Short text fragments from websites
──────

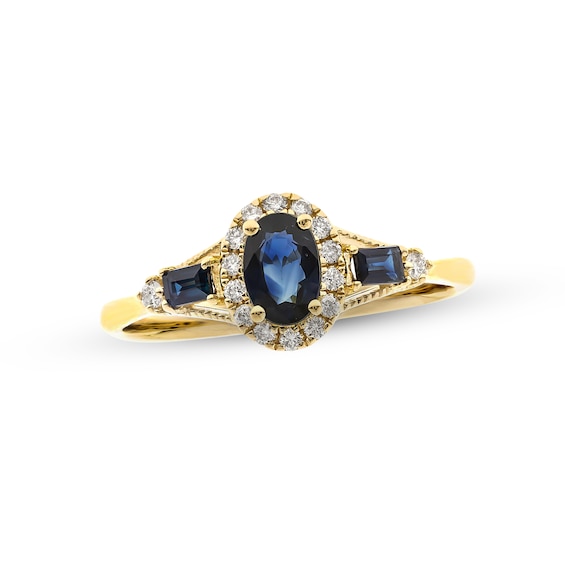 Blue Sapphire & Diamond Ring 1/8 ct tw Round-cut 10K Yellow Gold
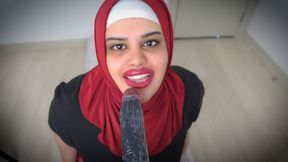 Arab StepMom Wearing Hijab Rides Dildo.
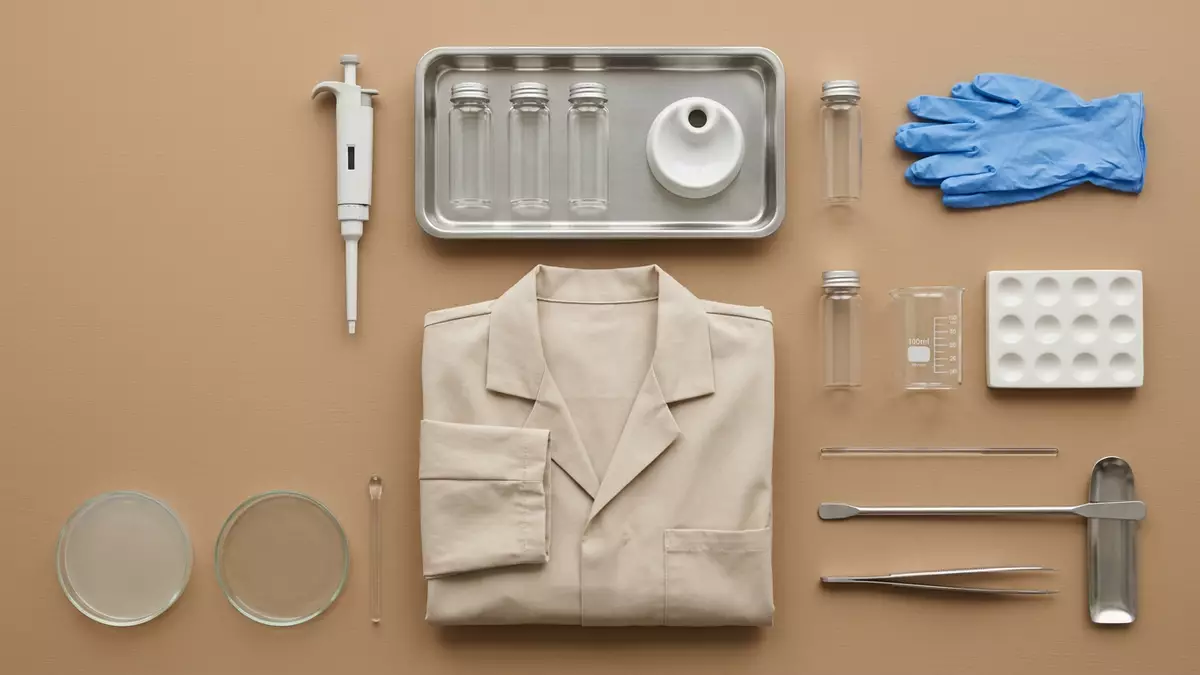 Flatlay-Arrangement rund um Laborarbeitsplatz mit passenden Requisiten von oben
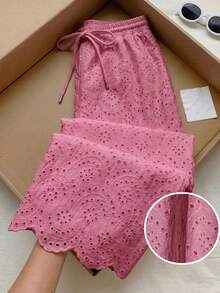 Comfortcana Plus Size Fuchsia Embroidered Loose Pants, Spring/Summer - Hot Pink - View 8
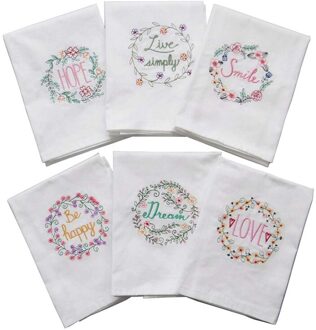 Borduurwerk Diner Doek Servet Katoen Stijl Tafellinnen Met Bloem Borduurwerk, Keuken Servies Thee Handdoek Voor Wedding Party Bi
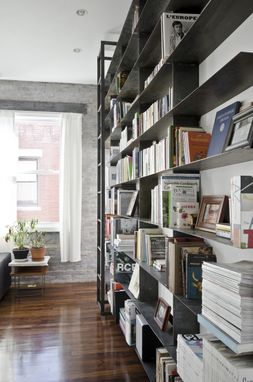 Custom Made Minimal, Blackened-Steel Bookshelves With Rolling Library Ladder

──────

Transcribe exactly the lines from the one containing "Comfortcana Plus Size" through the last line of the records above, and nothing else. Leave out the pictures.

 Comfortcana Plus Size Fuchsia Embroidered Loose Pants, Spring/Summer - Hot Pink - View 8
 Borduurwerk Diner Doek Servet Katoen Stijl Tafellinnen Met Bloem Borduurwerk, Keuken Servies Thee Handdoek Voor Wedding Party Bi
 Custom Made Minimal, Blackened-Steel Bookshelves With Rolling Library Ladder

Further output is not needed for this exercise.